Maybe if I write these words slowly, it will make them hurt less.
I can’t remember what I wrote yesterday, but it had that dizzying effect that swings sometimes have: nauseating, like maybe I should have kept my feet planted on the ground. But I have always loved the idea of flying, and being on swing sets is the closest to the clouds I have ever felt. Still, the warning label reads: don’t vomit your lunch. So maybe I stopped eating lunch to avoid the hazard, and maybe I didn’t notice the hunger pangs before, but they are demanding now. I guess I tend to ignore some things until it’s too late.
“Slow and torturous,” I always said, but I wasn’t referring to this–this washing machine spinning of memories I sometimes wish I didn’t have. I’m stuck in November, like the family cat who’s been left in the house, watching from the window as they pile the boxes in the trunk, squeeze some more things between the seats. Leave. But I don’t watch them for very long, the cool hands of remembering, stroking my head, beckoning for my complete attention. I turn around. Stay. I hardly notice the passing of days, but the succession of time is undeniable now: they are moving on into the New Year, and I will still be lodged in November like a splinter.
I haven’t played that song in a while, and I could tell you why, but some things are supposed to just be mine. Maybe one day I’ll tell you what I mean. He said something to me last night, while we were packing up the ambulance, and those words stuck to my brain like a postcard glued to the fridge with tree sap: they held me captive. And I could tell you what he said, why it had me contemplating throughout that entire drive–so much so that I sat idle at a flashing red light, in the absence of traffic–but this one really is mine.
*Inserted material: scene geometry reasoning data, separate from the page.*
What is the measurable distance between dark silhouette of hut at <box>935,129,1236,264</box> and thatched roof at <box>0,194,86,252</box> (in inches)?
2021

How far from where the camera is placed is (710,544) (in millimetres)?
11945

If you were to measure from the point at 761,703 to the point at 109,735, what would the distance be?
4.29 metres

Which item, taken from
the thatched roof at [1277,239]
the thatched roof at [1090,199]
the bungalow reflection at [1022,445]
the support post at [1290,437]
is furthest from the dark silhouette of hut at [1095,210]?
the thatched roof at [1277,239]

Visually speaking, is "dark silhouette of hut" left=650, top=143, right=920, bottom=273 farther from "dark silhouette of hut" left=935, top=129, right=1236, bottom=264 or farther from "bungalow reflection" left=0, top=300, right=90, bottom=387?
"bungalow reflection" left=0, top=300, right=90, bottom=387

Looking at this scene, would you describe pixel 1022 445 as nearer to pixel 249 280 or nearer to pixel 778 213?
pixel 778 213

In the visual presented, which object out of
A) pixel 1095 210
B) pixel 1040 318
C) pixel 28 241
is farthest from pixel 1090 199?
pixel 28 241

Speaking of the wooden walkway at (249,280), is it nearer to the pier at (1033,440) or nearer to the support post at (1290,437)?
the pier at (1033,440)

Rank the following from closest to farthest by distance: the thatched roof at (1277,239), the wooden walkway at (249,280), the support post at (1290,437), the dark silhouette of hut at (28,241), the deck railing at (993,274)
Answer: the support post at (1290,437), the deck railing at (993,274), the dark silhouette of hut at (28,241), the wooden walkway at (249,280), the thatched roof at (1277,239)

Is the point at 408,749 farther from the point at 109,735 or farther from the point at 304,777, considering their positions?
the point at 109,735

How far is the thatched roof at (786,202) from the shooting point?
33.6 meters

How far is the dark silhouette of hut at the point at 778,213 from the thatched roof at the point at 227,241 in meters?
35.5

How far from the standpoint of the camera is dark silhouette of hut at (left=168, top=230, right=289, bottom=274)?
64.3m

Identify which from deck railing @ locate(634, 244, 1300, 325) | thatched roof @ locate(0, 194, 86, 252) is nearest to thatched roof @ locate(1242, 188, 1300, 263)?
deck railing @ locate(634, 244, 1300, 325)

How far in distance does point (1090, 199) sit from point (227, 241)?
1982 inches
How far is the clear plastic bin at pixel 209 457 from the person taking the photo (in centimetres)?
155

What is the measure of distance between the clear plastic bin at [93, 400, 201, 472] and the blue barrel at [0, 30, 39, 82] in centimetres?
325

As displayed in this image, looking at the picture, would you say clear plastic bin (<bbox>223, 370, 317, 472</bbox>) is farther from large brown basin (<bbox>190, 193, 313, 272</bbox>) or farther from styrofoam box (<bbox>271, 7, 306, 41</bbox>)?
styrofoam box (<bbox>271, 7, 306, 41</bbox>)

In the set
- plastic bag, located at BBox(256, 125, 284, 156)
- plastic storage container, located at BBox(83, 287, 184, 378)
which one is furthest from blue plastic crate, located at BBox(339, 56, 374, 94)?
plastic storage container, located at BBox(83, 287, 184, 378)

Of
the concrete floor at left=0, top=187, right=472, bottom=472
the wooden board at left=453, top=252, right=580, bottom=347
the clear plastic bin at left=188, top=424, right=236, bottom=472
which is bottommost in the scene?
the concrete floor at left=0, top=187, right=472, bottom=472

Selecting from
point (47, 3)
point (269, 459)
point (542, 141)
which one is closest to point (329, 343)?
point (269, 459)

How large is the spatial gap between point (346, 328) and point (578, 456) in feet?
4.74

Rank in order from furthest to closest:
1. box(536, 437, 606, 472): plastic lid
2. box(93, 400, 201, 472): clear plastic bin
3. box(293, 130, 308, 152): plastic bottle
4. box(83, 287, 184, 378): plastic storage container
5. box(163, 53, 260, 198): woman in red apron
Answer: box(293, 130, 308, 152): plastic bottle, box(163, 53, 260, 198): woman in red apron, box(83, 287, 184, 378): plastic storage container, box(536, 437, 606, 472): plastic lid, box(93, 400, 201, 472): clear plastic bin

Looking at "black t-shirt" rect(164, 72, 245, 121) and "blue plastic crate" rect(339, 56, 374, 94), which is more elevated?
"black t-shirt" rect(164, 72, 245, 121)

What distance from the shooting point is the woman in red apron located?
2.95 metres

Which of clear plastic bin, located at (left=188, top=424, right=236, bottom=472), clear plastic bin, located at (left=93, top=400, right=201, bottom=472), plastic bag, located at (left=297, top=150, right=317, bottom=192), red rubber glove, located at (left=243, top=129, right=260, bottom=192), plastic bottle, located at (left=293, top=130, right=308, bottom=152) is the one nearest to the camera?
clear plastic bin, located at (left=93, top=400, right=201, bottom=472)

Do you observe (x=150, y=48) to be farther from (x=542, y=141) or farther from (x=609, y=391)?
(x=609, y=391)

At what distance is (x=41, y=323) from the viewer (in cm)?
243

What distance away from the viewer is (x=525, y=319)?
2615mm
I’ll share this instead: I have been reading a lot because it’s an escape. And I have been escaping a lot because I don’t want to remember what’s happened, what will happen, what can never happen. I’ll tell you what I mean by this and look at you with the hope that you’ll respond, “It was all just a bad dream anyway.” So I don’t hope. Not for that, anyway. Maybe I will look at you still, but that’s only because I want to fix what cannot be and I want what’s broken to be some kind of functional again. I think the word for this is reconciliation. But at the end of the day, when I glance up from the pages and pages of fantasy, I am sitting in the same place as where I began.
Maybe if I write these words slowly, it will make them hurt less. I doubt it. But I don’t know how else to phrase it: I am letting you go.